Your goal:
The entries are to be duplicated exactly, though any picture in them must be omitted.

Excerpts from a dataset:
==========

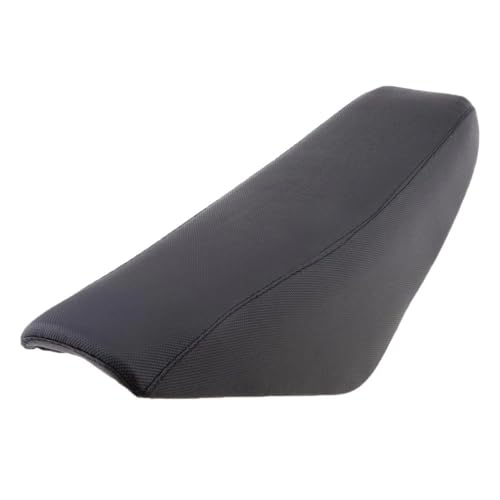 Asiento negro de espuma alta y plana para amortiguación en Pit Bike Trail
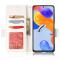  Xiaomi Redmi Note 11 Pro 5G Fodral Litchi Textur Vit
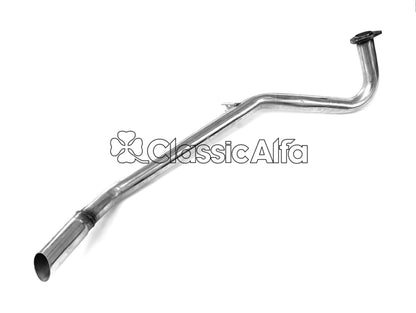 EX014/1 STAINLESS REAR EXHAUST - NO SILENCER - ALL GT/GTV & GIULIA SALOON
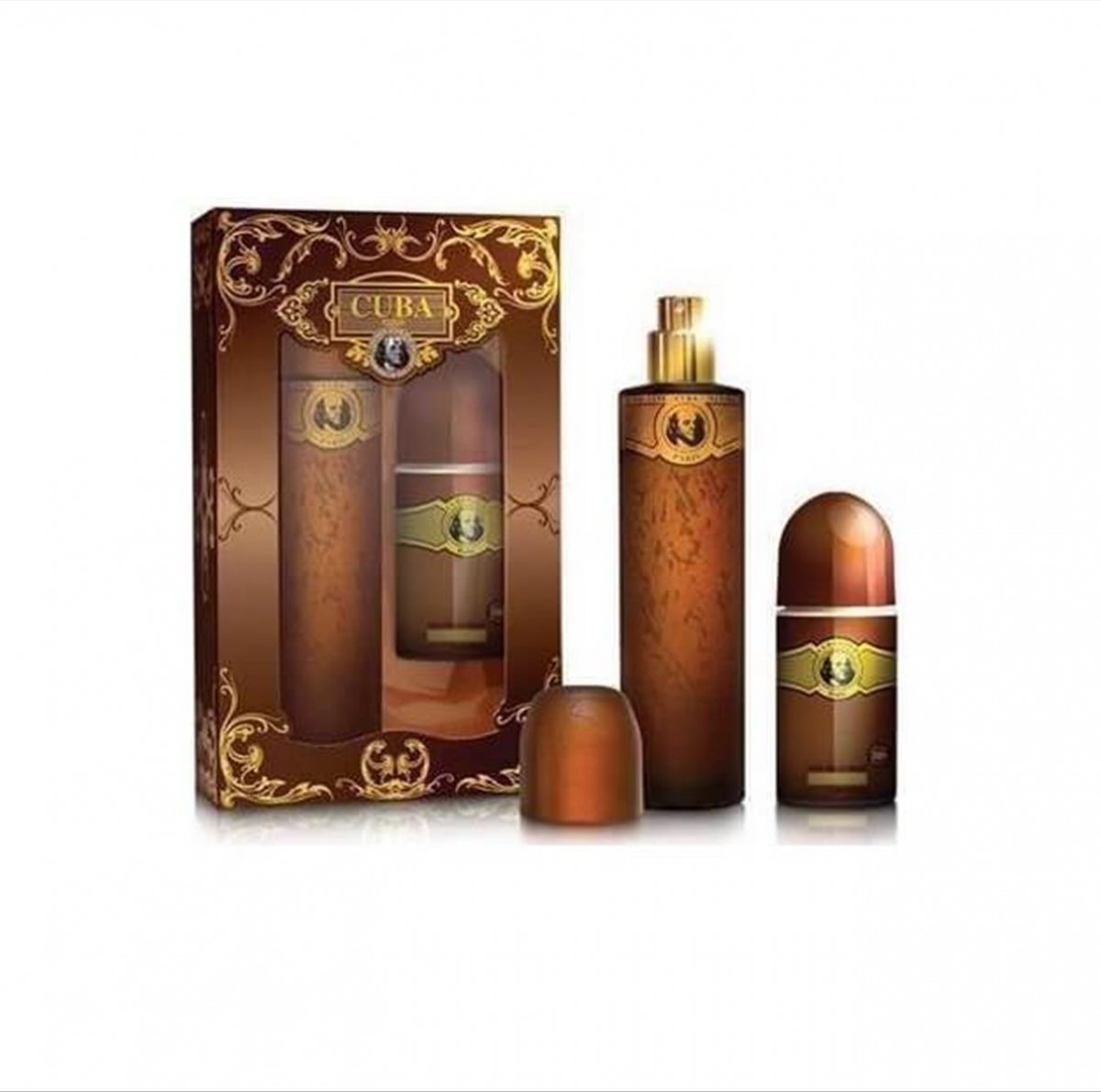 Cuba Parfume Gold 100ml + 50ml Roll on Set Type Le Malle JPG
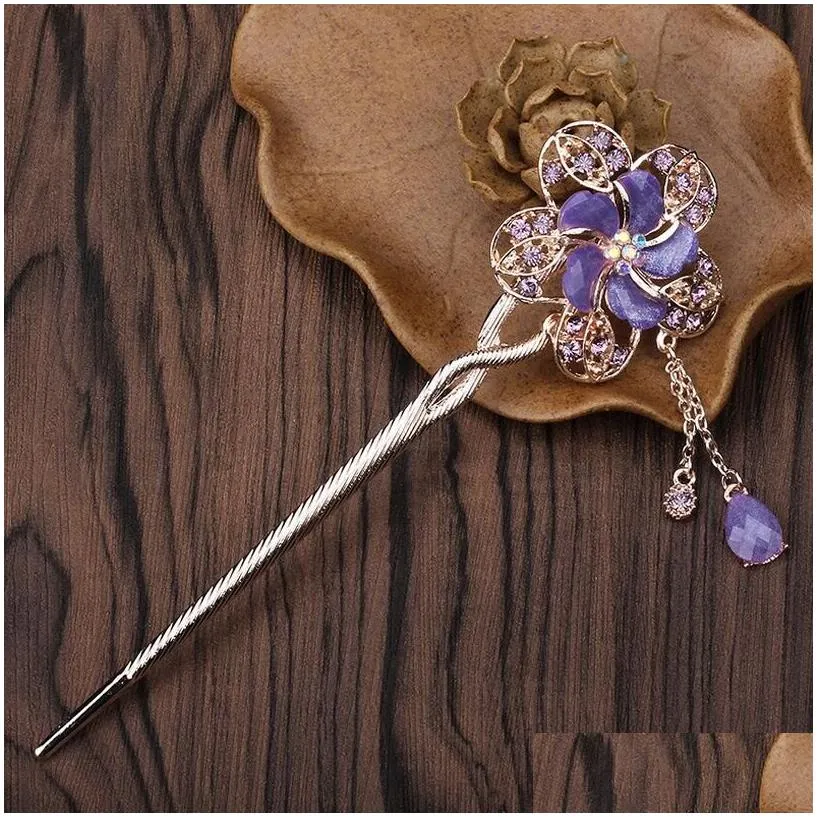 classical retro hairpin rose alloy headband hair pin gsfz003 mix order hairpins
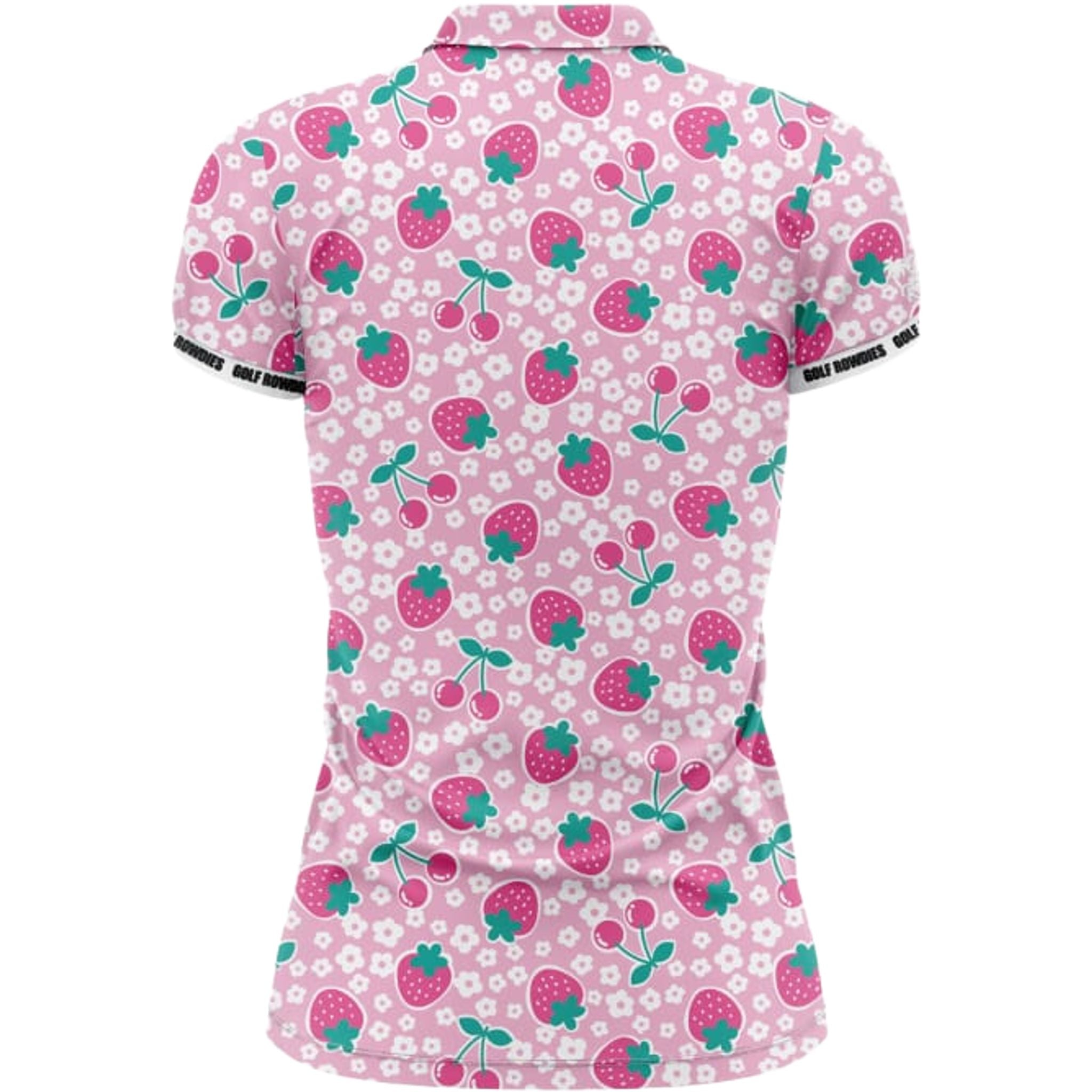 Golf Rowdies Strawberry Polo Damen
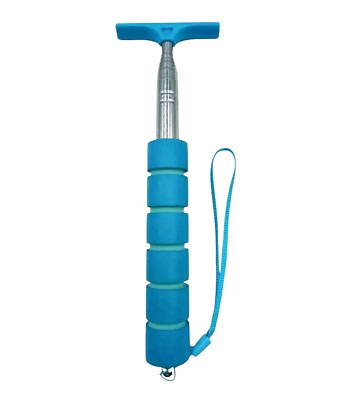 Multi-purpose Squeegee/Window Wiper w/ Non-Slip, Expandable Handle, Blue Color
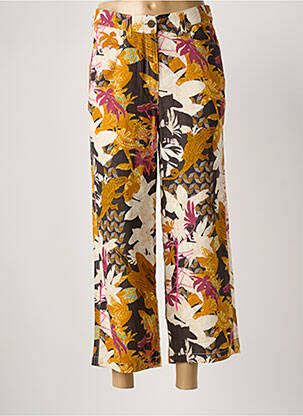 Pantalon 7/8 fermeture zippée sous rabat boutonné taille normale orange WHITE STUFF femme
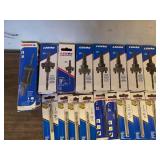 Assorted Lenox Arbors & Drill Bits...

==========

Solution to this problem:
 Asiento negro de espuma alta y plana para amortiguación en Pit Bike Trail
  Xiaomi Redmi Note 11 Pro 5G Fodral Litchi Textur Vit
 EX014/1 STAINLESS REAR EXHAUST - NO SILENCER - ALL GT/GTV & GIULIA SALOON
 Cuba Parfume Gold 100ml + 50ml Roll on Set Type Le Malle JPG
 classical retro hairpin rose alloy headband hair pin gsfz003 mix order hairpins
 Golf Rowdies Strawberry Polo Damen
 Multi-purpose Squeegee/Window Wiper w/ Non-Slip, Expandable Handle, Blue Color
 Pantalon 7/8 fermeture zippée sous rabat boutonné taille normale orange WHITE STUFF femme
 Assorted Lenox Arbors & Drill Bits...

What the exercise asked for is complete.